* _Task directions_
Using the data below, transcribe exactly everything from the line that contains "Vintage Faded 90s" down to the line that contains "Мировые запасы нефти". Include both of those lines and none of the pictures.

* _Input_
·····
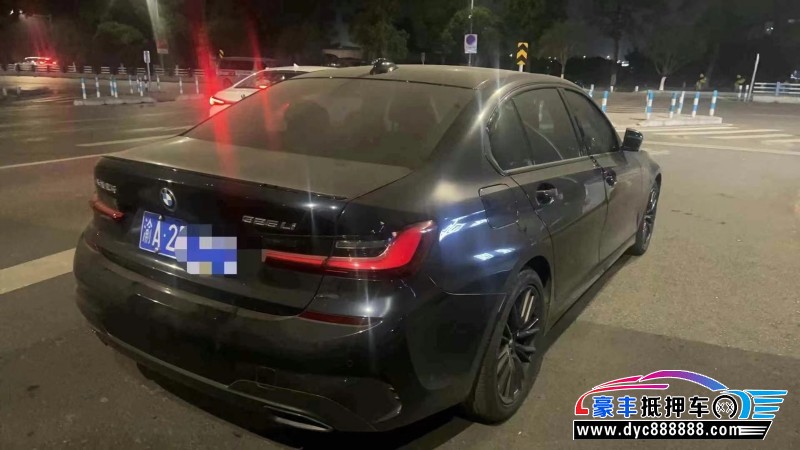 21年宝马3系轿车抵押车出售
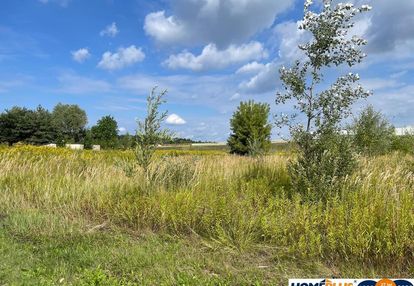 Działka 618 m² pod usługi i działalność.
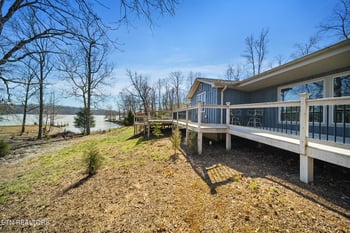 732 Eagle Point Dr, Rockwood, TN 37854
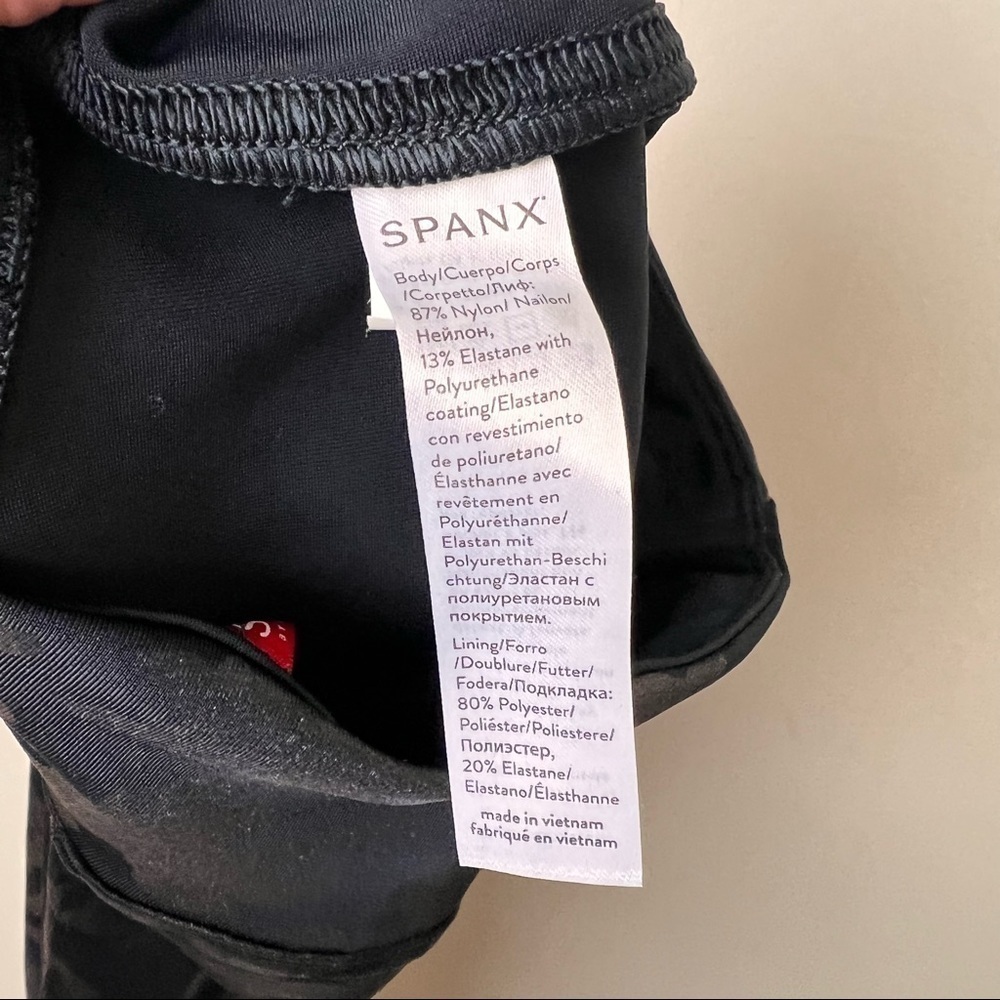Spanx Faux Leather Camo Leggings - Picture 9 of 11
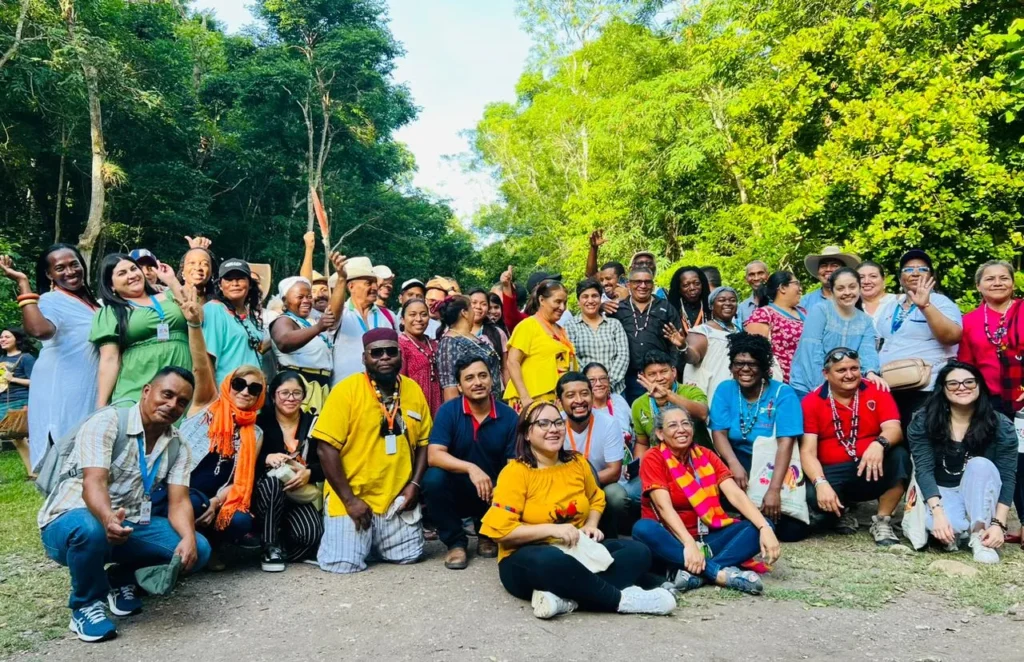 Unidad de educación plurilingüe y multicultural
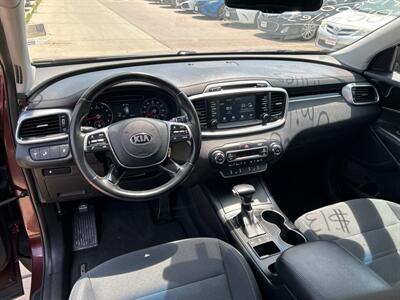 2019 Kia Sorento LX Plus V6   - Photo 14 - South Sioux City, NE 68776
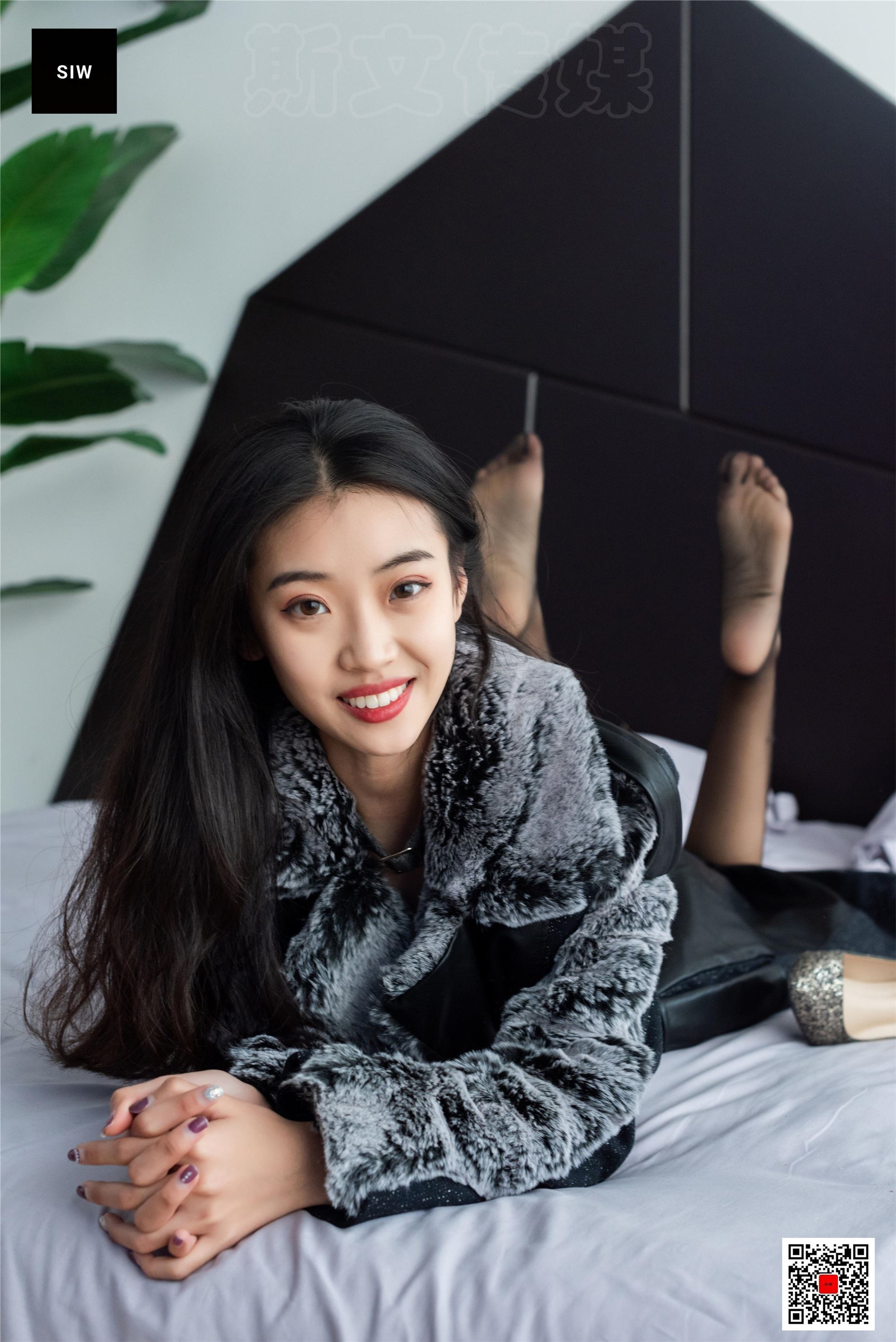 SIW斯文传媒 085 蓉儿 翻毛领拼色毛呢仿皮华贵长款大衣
·····
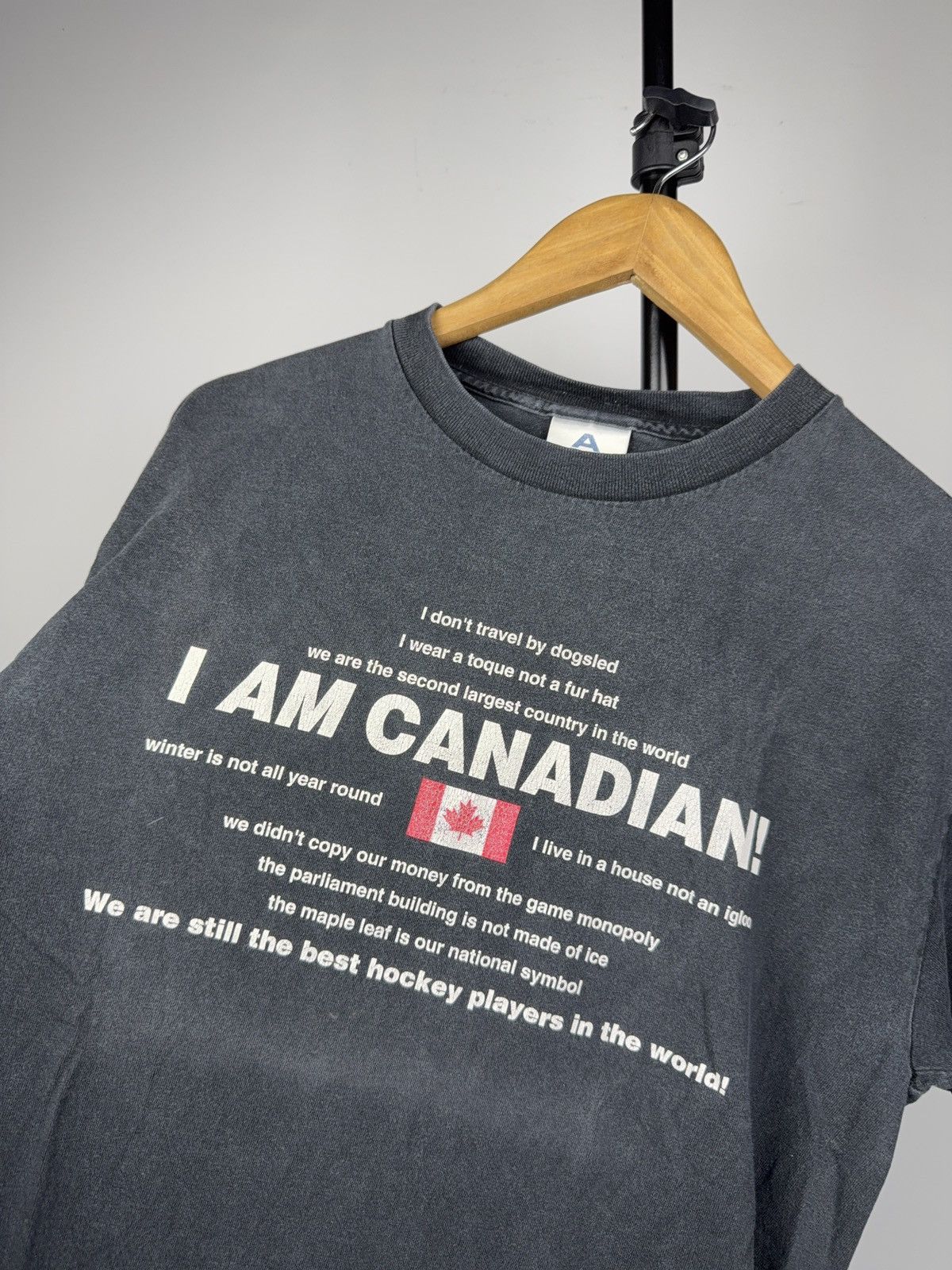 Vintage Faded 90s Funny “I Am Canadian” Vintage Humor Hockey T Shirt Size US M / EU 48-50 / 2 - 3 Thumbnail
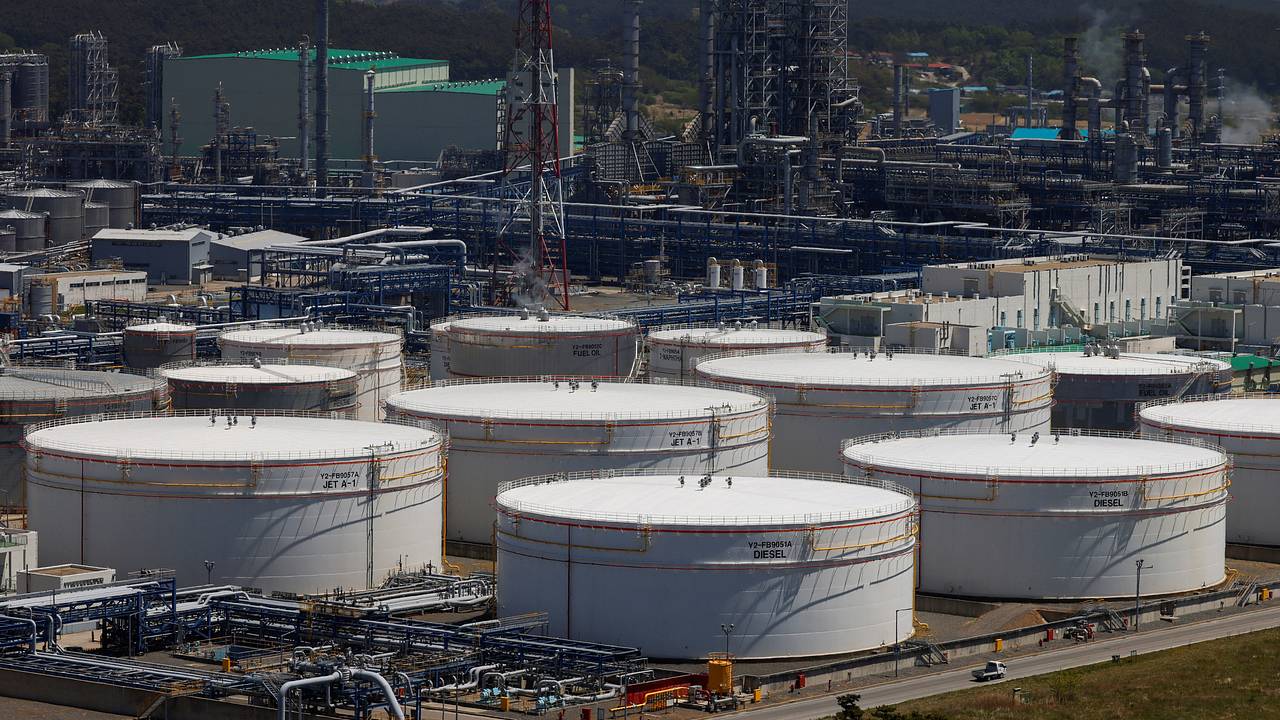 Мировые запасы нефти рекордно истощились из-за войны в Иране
·····
* _Output below_
 Vintage Faded 90s Funny “I Am Canadian” Vintage Humor Hockey T Shirt Size US M / EU 48-50 / 2 - 3 Thumbnail
 Мировые запасы нефти рекордно истощились из-за войны в Иране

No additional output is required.